Records contained in a dataset:
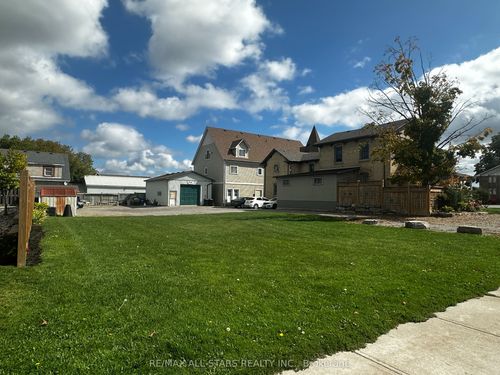 103 Perry St, Port Perry, ON, L9L1B8 | Card Image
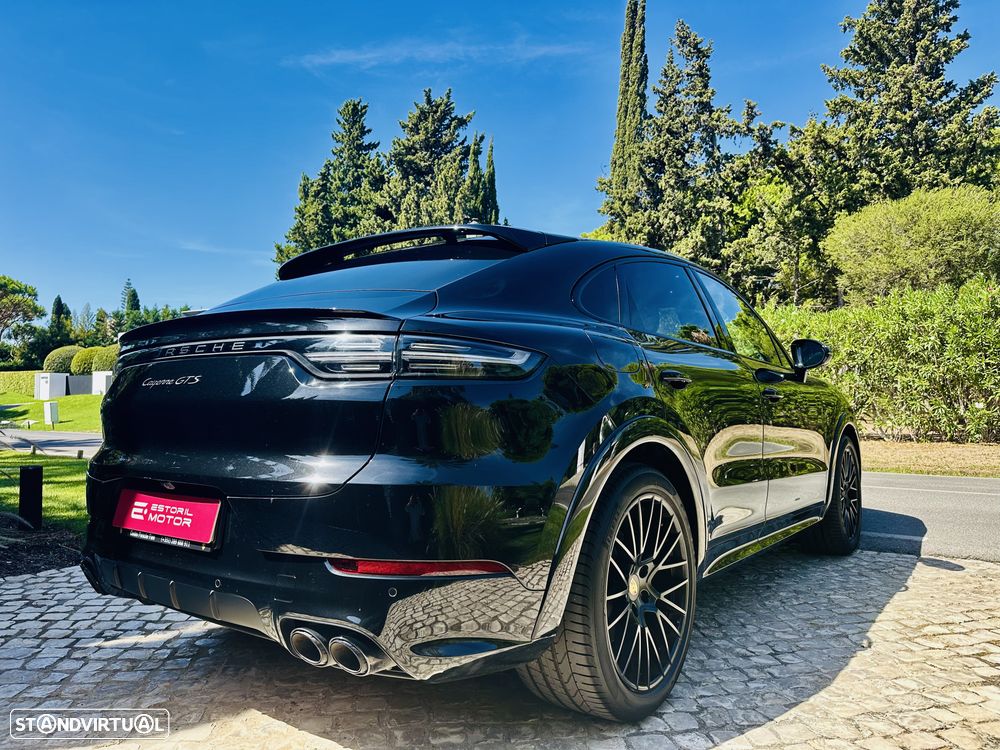 Porsche Cayenne GTS - 9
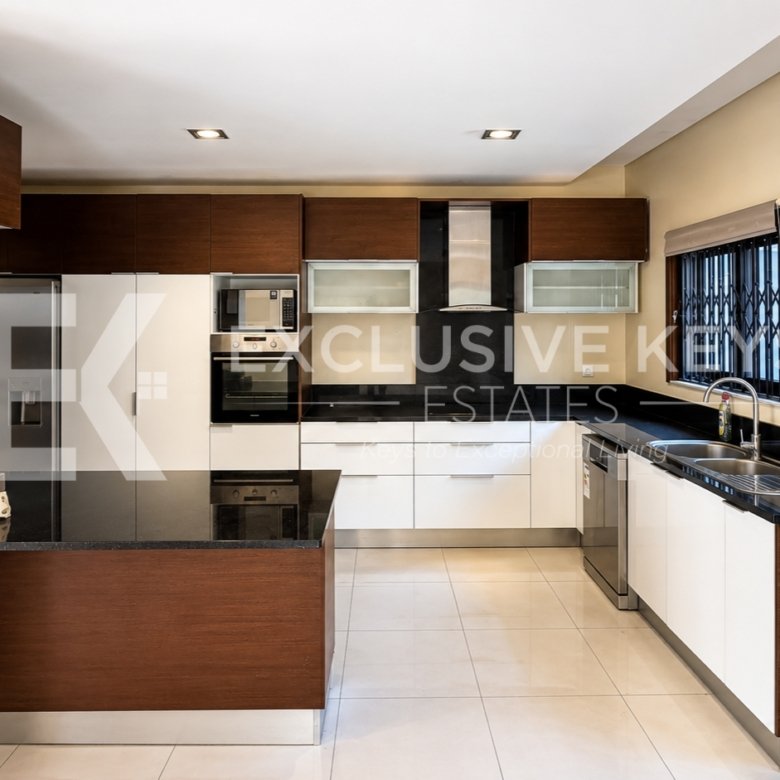 🏡 ARRENDA-SE | Moradia TP4 de Luxo | Condomínio Bela Vista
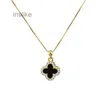 Collier de trèfle incrusté en diamant Girls de tempérament féminin Advanced Send Double face Shell Pendant la chaîne de clavicules Pendant Shell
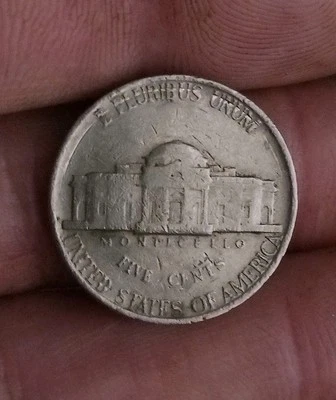 Rare 1979 No mintmark Error 5c Jefferson Nickel+ A Few Other Errors - Image 1 of 4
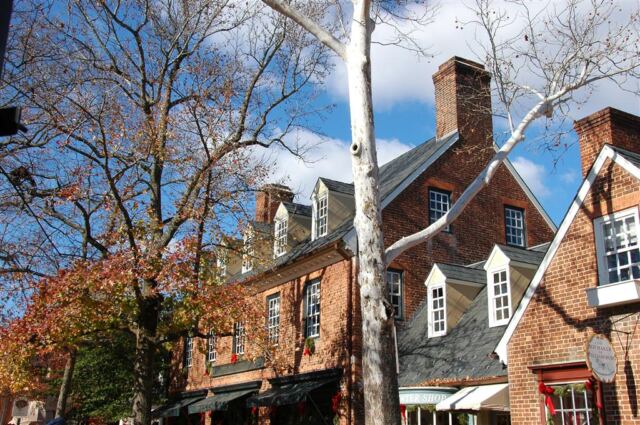 Colonial Williamsburg - street shot (4)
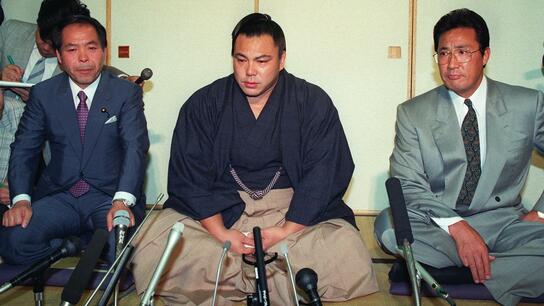 〈1971年の今日〉〈1991年の今日〉5月14日 : 横綱大鵬・横綱千代の富士が引退表明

> _PROBLEM STATEMENT_: Exactly the lines from the one holding "Collier de trèfle" through the last line of the entries, both included, are to be duplicated; leave the pictures out.

> _ANSWER TO THE PROBLEM_:
 Collier de trèfle incrusté en diamant Girls de tempérament féminin Advanced Send Double face Shell Pendant la chaîne de clavicules Pendant Shell
 Rare 1979 No mintmark Error 5c Jefferson Nickel+ A Few Other Errors - Image 1 of 4
 Colonial Williamsburg - street shot (4)
 〈1971年の今日〉〈1991年の今日〉5月14日 : 横綱大鵬・横綱千代の富士が引退表明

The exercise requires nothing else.